The report, assembled under resolution CR 9 (2024) and extended by CR 78 to a December 2024 deadline, proposes 18 recommendations intended to reduce pedestrian risk around county schools. Arianne Aubert, director of the Education and Workforce Development Committee staff, told the council the work group formed after the November 2023 deaths of two Riverdale Elementary School students and that Prince George's County remains among the deadliest jurisdictions for pedestrians in the Baltimore–Washington region.
The recommendations cover infrastructure, evaluation and education: require pedestrian-safety infrastructure at the time of school construction; launch a countywide accessibility evaluation for PGCPS (Prince George’s County Public Schools) campuses; create a unified walk-audit template; set up proactive interagency coordination; establish safe-passage coordinators; create an objective pedestrian safety risk measure for schools; set PGCPS internal goals and timelines for audits; and engage school communities and boards on safety work. The report also calls for lowering speed limits around schools, traffic-calming measures and temporary street restrictions during drop-off and pickup, expanded education campaigns, walking school buses, an annual youth transportation safety summit beginning April 2025, and bilingual (Spanish/English) pedestrian-safety materials for high-risk areas.

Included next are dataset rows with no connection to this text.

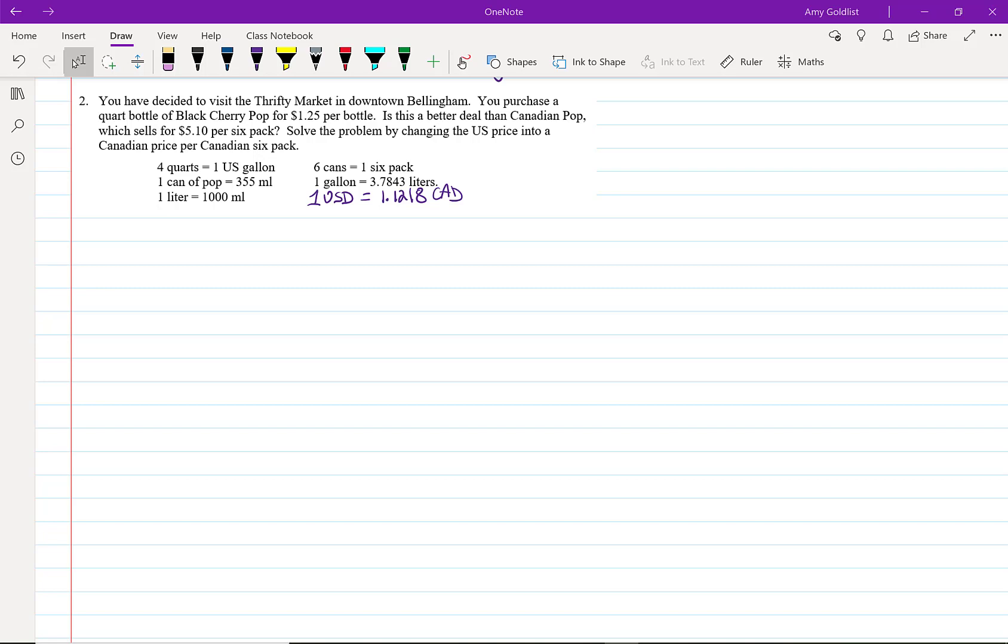One note, in Canada, we use the metric system, while in the United States, they use the imperial system. However, because the U.S. is our closest trade partner,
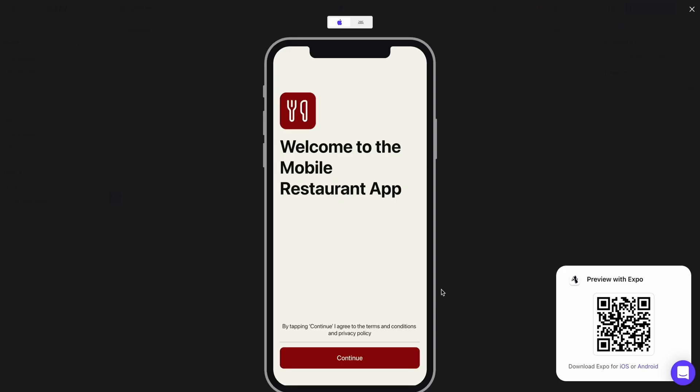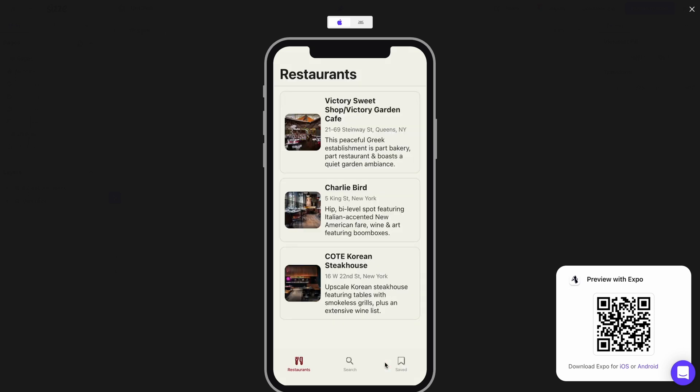One of the coolest things about CZ is that it lets you test an app in two different ways. You can test it on the platform between iOS and Android, or you can scan the auto-generated QR code to test it in Expo. All this rapid prototyping can really speed up product development for any design or dev team.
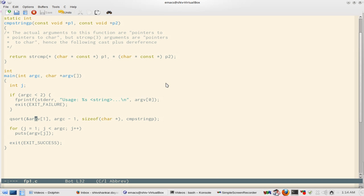And then we have our qsort library function which sorts. And one of its arguments is the void pointer or the base pointer, the array which you want to sort.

Other items in the report include incentivizing municipal police departments to provide crossing-guard subcontracting support to increase coverage, partnering with the Prince George’s County Arts & Humanities Council on street-art crosswalk projects, and recognizing Ruby Bridges Walk to School Day (Nov. 14) as a county/PGCPS event.

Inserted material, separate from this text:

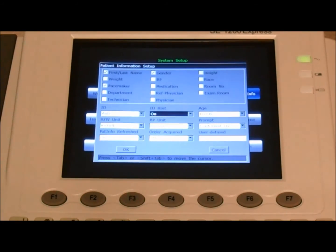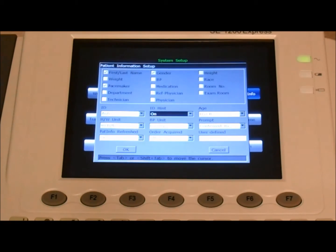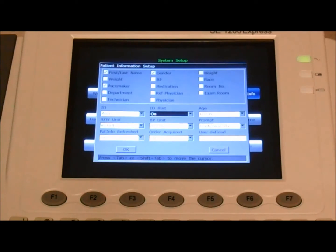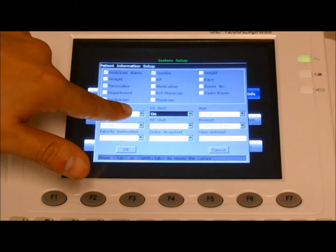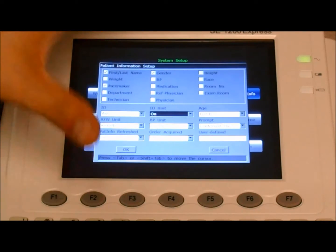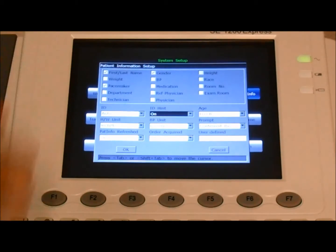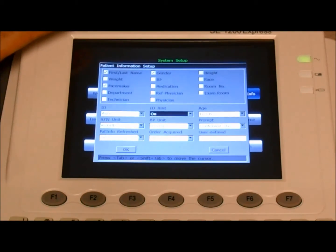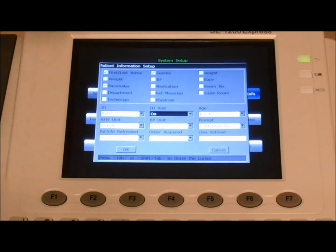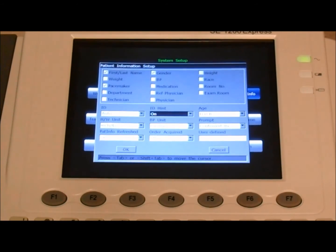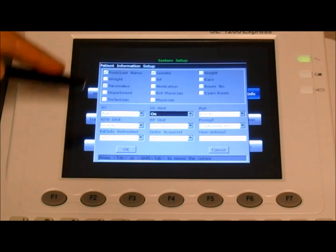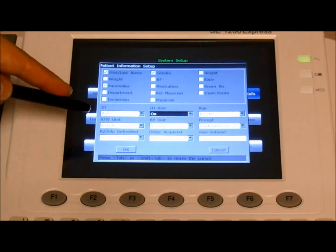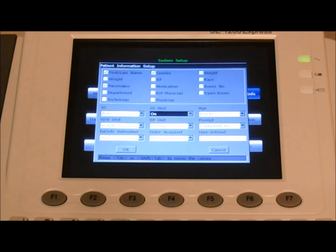Next, we have the ID hint. If it's set to on, when you have a new patient, before being able to print or generate the report, if you have your ID hint to on, the system will remind you to enter the patient information prior to being able to execute the exam. So if you want to make sure that you're entering the patient's name every single time, you want to leave it as on, because if you don't, the system will remind you.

“A unified metric system will let us rank schools by objective need so resources can be prioritized,” council member Wenneca Fisher, who co-led the work group, said during the briefing. Eric Olson, the group’s other co-lead, thanked community participants and urged the council to fund recommendations. “I do hope we can follow the recommendations and that this body will put money into the things that need to be done to increase the safety and walkability for our school children,” Olson said.

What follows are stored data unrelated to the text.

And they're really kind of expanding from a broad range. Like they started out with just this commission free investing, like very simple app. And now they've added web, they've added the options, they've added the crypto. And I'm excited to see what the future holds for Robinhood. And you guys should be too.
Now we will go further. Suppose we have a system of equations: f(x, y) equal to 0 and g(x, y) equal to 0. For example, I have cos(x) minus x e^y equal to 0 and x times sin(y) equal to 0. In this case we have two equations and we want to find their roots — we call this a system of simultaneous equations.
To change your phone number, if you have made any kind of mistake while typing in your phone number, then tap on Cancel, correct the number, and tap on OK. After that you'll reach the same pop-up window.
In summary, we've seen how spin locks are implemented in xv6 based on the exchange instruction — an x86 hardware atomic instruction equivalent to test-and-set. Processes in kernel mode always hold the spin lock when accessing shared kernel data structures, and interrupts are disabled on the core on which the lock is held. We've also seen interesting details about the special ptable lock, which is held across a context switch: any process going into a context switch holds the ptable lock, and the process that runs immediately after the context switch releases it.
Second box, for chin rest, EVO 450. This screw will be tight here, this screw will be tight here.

Council member Mary Lehgett (spelling as spoken in transcript) asked whether the work group conducted a systematic study of where pedestrian crossings are most dangerous; staff said the county police provided crossing-guard locations but the work group did not perform a new, countywide statistical study and instead recommended a risk-measure and walk-audit template to produce a merit-based priority list.
Council members and staff cited sample resources and contributors to the work group, including Strong Towns, Coalition for Smarter Growth, the U.S. Department of Education, Washington Area Bicyclists Association, the Prince George’s County Arts & Humanities Council, the county police department and Department of Public Works and Transportation (DPW&T).
Fisher urged colleagues to treat at least one item—crossing-guard coverage—as a budget priority in the next budget cycle so municipal police and crossing-guard arrangements can be funded. Council member Ingrid Watson publicly thanked Chief Aziz of the police department for providing crossing-guard support this past year.
No formal council vote on the work group recommendations was recorded at the Jan. 28 briefing; the session was a presentation and questions period. Council members indicated some recommendations could be implemented administratively while others might require legislation or budget allocations.
The work group’s final report (December 2024) lists each recommendation with the suggested implementing body, a general timeframe and a brief justification. The report notes the first work-group meeting occurred in July 2024, and the final document includes a nonexhaustive list of tools and community resources for local implementation.